Abraham pleads with God that Sodom might not be destroyed by God's judgment. No doubt he was concerned for Lot, his nephew, and for Lot's family but he seemed also to have a more general concern for the city and its many inhabitants. Abraham is aware that the one he is addressing is the righteous judge of all the earth (v.25), and that he is as unworthy of the Lord's attention as dust and ashes (v.27), nevertheless he is bold in his prayer and persistently pleads God's mercy. Nor should we think that Abraham is twisting the arm of God. God is the one who revealed his plans of judgment to Abraham just as he had revealed his plans to bless him and many others through him. God is pleased to listen to Abraham's prayer and does respond to him in Anger. Abraham desires that the blessing he has received from God may extend to the rebellious world that surrounds him.
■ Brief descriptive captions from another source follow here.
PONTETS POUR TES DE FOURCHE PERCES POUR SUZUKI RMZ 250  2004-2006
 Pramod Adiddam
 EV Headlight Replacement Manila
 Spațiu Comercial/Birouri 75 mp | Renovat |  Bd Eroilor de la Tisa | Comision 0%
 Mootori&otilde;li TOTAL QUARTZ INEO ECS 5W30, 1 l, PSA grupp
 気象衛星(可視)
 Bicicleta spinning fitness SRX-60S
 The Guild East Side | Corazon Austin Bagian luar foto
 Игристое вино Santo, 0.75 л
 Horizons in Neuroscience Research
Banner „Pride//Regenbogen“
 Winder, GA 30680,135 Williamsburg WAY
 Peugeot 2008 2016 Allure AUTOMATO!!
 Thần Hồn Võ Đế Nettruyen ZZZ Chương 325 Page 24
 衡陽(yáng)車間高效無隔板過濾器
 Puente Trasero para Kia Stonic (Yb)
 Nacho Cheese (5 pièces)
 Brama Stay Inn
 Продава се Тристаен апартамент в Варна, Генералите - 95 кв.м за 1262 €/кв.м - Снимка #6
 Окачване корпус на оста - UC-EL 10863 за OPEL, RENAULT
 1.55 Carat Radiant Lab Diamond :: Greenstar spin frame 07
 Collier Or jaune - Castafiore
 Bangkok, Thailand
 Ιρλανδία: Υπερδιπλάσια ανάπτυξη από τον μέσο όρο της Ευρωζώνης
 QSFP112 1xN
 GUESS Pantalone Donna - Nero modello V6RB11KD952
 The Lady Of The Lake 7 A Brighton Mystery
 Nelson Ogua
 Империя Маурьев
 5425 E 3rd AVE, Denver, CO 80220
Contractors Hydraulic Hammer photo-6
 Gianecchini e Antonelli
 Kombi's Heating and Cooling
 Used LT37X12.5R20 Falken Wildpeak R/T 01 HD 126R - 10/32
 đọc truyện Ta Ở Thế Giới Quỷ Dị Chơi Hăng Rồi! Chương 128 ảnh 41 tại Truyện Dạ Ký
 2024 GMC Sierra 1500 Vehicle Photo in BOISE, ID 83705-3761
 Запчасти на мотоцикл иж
Note the contrast in these verses: The wickedness of Sodom and Gomorrah cry out to God for judgment (v.20), but Abraham cries out to God for mercy and will not easily take no for an answer.

God has revealed his plans to us through the Lord Jesus Christ. He has not merely revealed his purpose to bless us; he has blessed us "with every spiritual blessing in Christ." But God has also made plain to us that he will not for ever turn a blind eye to the wickedness that spoils his creation. The day will come when Christ the Saviour shall return to judge the world in righteousness.

How do we respond to God's revealed purposes? Are we content to rejoice in the blessings that God has promised to us his people while letting the rest of the world suffer judgment? Surely we need to be as bold as Abraham in pleading for the salvation of our rebellious world. We need, as it were, to give God no rest but to plead that the blessings he has poured out on us might flood the entire world. And then we need to give legs to our prayers by telling others about our wonderful Saviour and the blessings to be found in him. That's what the apostle Paul did. In 1 Timothy 2:1-6 he writes, "I urge, then, first of all, that petitions, prayers, intercession and thanksgiving be made for all people… This is good, and pleases God our Saviour, who wants all people to be saved and to come to a knowledge of the truth. For there is one God and one mediator between God and mankind, the man Christ Jesus, who gave himself as a ransom for all people."

Lord God, judge of all the earth, we are so thankful that you have provided a Saviour for us in the Lord Jesus Christ. Thank you so much for the blessings you have poured out upon us in him. May we never forget that Jesus is the Saviour of the world. May our prayers for this world and our presence in it bring many others to know the Saviour. Make us like Abraham and like Paul, bold both in prayer and in our witness to Christ.